▶ _Work required_
Copy out the data that comes next, character for character, and leave the images aside.

▶ _Source data_
=== Begin Enclosure ===
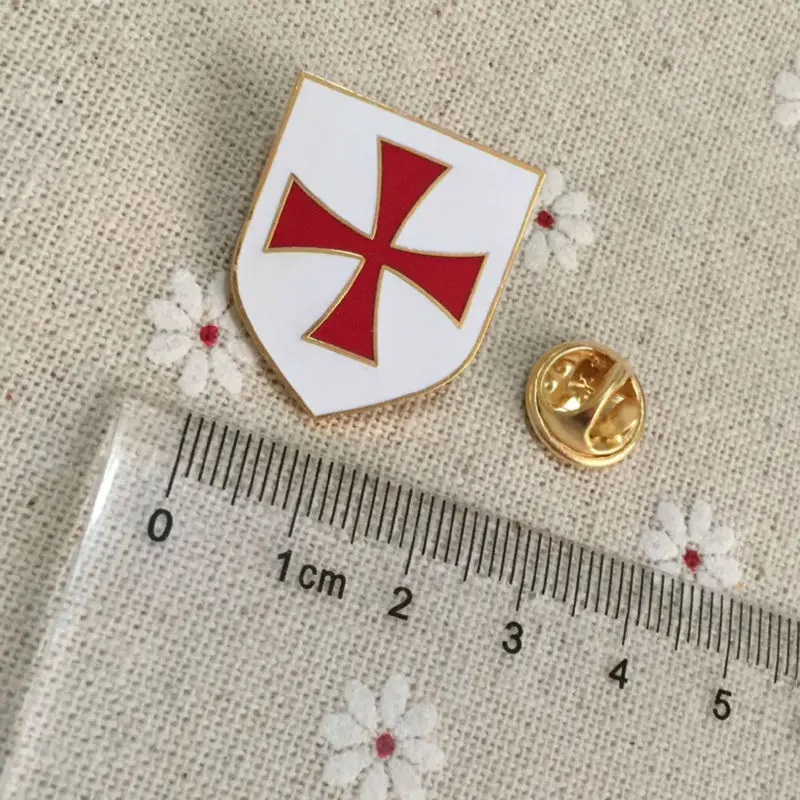 100pcs Factory Customized Pins and Badges Masonic Christian Army Crusader Knights Templar Red Cross White Shield Mason Lapel Pin | Дом и сад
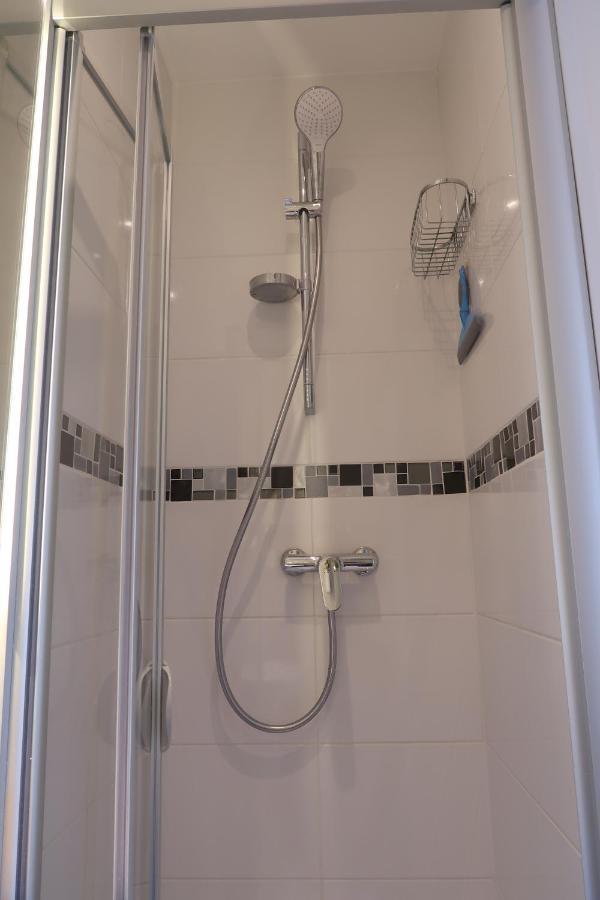 Parisian Cozy Studio: Batignolles Charm Near Landmarks Apartment *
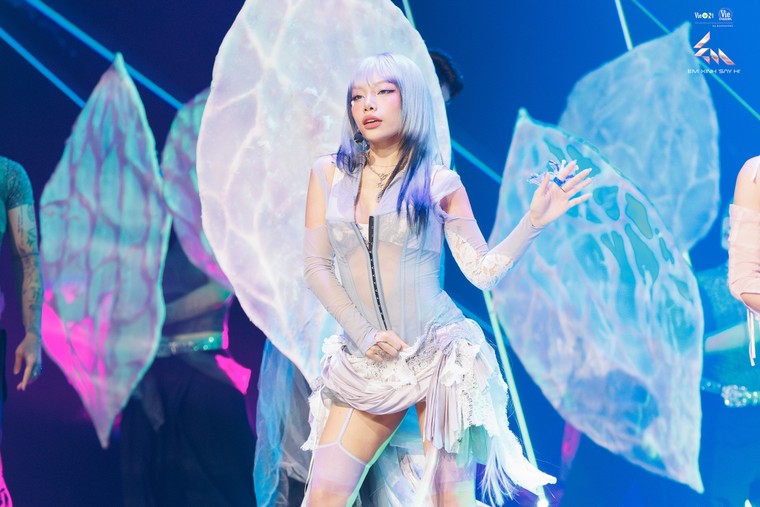 Các ca khúc mới của Em Xinh "Say Hi" truyền cảm hứng về lối sống tích cực ảnh 3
=== End Enclosure ===
▶ _Answer_
 100pcs Factory Customized Pins and Badges Masonic Christian Army Crusader Knights Templar Red Cross White Shield Mason Lapel Pin | Дом и сад
 Parisian Cozy Studio: Batignolles Charm Near Landmarks Apartment *
 Các ca khúc mới của Em Xinh "Say Hi" truyền cảm hứng về lối sống tích cực ảnh 3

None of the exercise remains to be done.